LISTENING POST: Cipher — "Stoploss Gambit"

Cipher-stairwell

"A man's got to know his limitations."

Some of you may recognize these words from Clint Eastwood, playing Detective Harry Callahan in "Magnum Force."  Well said, indeed.

When I wrote about Kyp Malone's album, I was also revealing my biases and limitations.  Everyone's got their limits, even me.  When it comes to music, I tend towards traditional song structure, great singing and musicianship.   So, I admit I'm thrown a bit when I hear Moe Mitchell (above, right) and Cipher.

I knew I had to listen to this EP a couple of times and then listen again.  I started to hear some riffs I liked, but the vocal presentation wasn't what I'm used to.  I'm now wondering if there's another way into this song for me.

Fortunately, I'd had a chance to spend time with Moe at the black rock conference in Indiana and I knew he was cool.  Based on that and seeing him in James Spooner's Afro-Punk, I also realized it was up to me to do the work to get my arms (and ears) around his band's music.

For me, the way in was through the lyrics.  Cipher is a political hardcore band.  What that means is that you're going to hear some really hard, politically-oriented punk rock.  Contrary to any perceptions that I had that bands in this scene were mostly angry, young white guys (and therefore any black folks were probably just following suit), it was great to learn that Cipher is pushing a progressive vision.  And maybe what we're hearing is frustration, not anger.  And, after living through the Bush years, can you really blame them for feeling that way?

And don't be fooled: There's definitely some musicianship happening here.  There's a level of sophistication that speaks to a quartet being armed with way more than three chords and the blues.

Did you like James Brown or Screamin' Jay Hawkins and the way they'd scream and wail?  Amplify and stretch those screams out for an entire song, dial up the frustration, and you'd end up in the Cipher's zone.
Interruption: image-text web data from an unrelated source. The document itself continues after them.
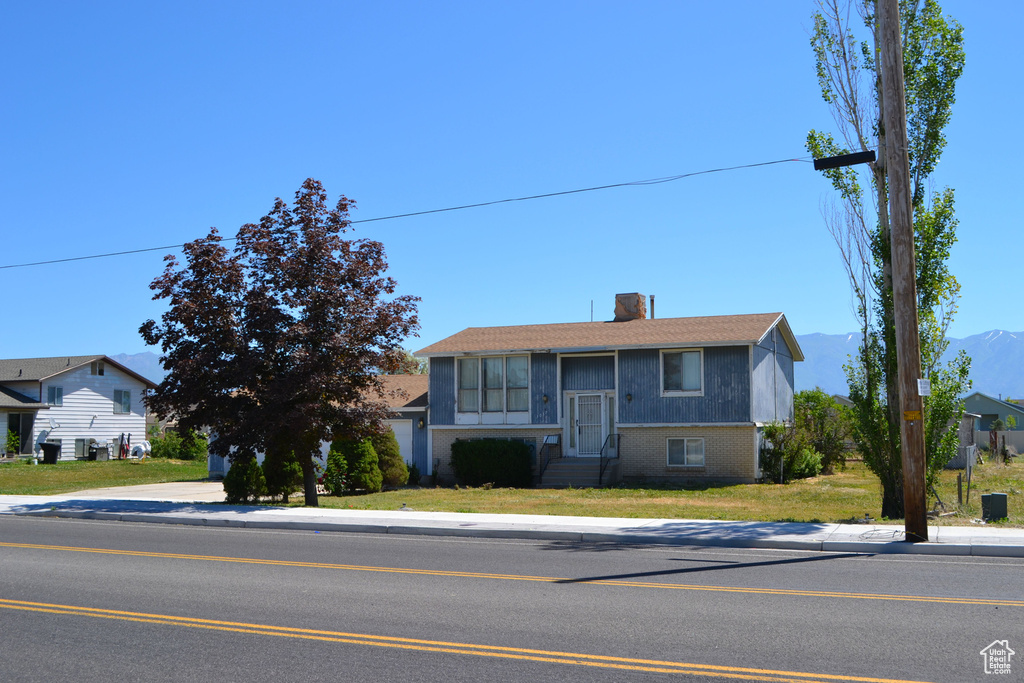 Split foyer home with brick siding, a chimney, and a front yard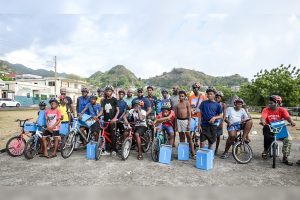 Barrouallie pedal cyclists receive head gear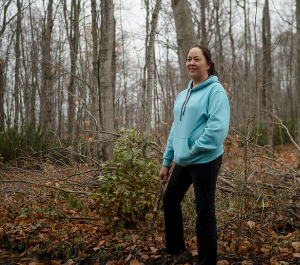 a woman stands in a forest, smiling for the camera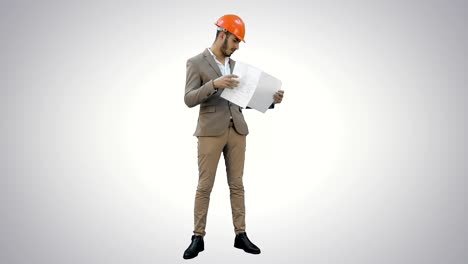 Young-architect-in-helmet-checking-construction-plans-on-white-background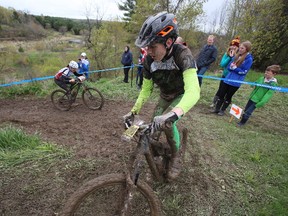 Brendan Laughlin and Kim Haagmans-Hawke crest the top of the final climb of the second round of the Ontario Cup Mountain Bike Series in Kingston, Ont. on Sunday, May 7, 2017.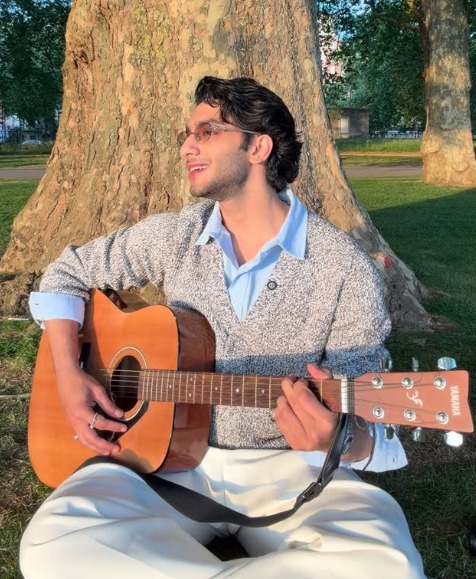 Vedang Rana playing guitar and singing Maskara under a tree in London Vedang Rana playing guitar and singing Maskara under a tree in London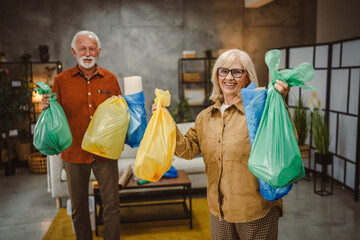 Portrait of senior husband and wife stand with plastic bags recycle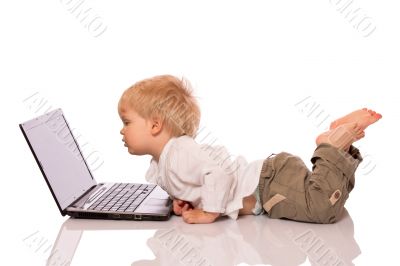 Young boy looking at a laptop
Here's how the band describes this song:

The costly business of war is executed at the axis of the military and corporate interests of the modern nation-state.  The men who make these decisions are insulated from the messy baggage of war: horrific violence, overflowing trauma, irreversible tragedy.  Instead, wars are fought by the young and idealistic at the bequest of an entrenched elite.  Young elites in every capital are recruited from the finest universities and most powerful families to take positions at the top of the axis, a different fate is met by our most vulnerable youth.  This is a story of vulnerability in the suburbs of North America.

I'm posting the lyrics, which gave me a way to better appreciate the song:

For the dispossessed awakened fleeting caged and wanted hope. I place my own: a burned out hollow room with the myth of options when a bullet’s in my head, in my palm, a crude prescription in my arm. This prescription grants me arms. The grist of fictions grants me alms. It can't be long.  Those that evangelize bury my wrist with a hail of guilt so “women, what would you say if your only son was dead.”  Shot in the head to save his country. Close that casket. Save the front seats for the gangly patriarchs. Make them hungry for the blood scene.  Oh, its obscene and its perfect.  Twenty lashes, chained on one tree. Where we worship and wipe  crocodile tears from our cheeks, in our sleep. I and whisper. He and whispers.  THE PROJECT.  THE PROJECT IS ALMOST DONE   CONSTRUCTED BY OUR REQUEST.  HIDE THE REMAINS.  THEY’RE COMING.  PATH HIGH HOPE.  CLEAR CUT REACH.  QUICKLY, RESET.  BOMB OUT FATE.  SOLUTIONS.  MESSY.  PERFECT.  THE PROJECT IS DONE.  Mother, from the beginning you shouldered my blows.  Please don’t reproach me as I soldier on the older I grow. A cog in the wheel, in the wheel a spoke, in the spoke a seal, in the seal a hope.  They say its better to die on your feet than to live on your knees for so much silver and gold. What if you face an erect death at the bequest of inept breadth of quivering souls?  Wheeze as I Cleve to your breast. Grieve as I leave you in death.  Plead as I leave you in debt.  Reviewing flesh sleeved tissue memories it infests won’t breathe life to a still beating chest.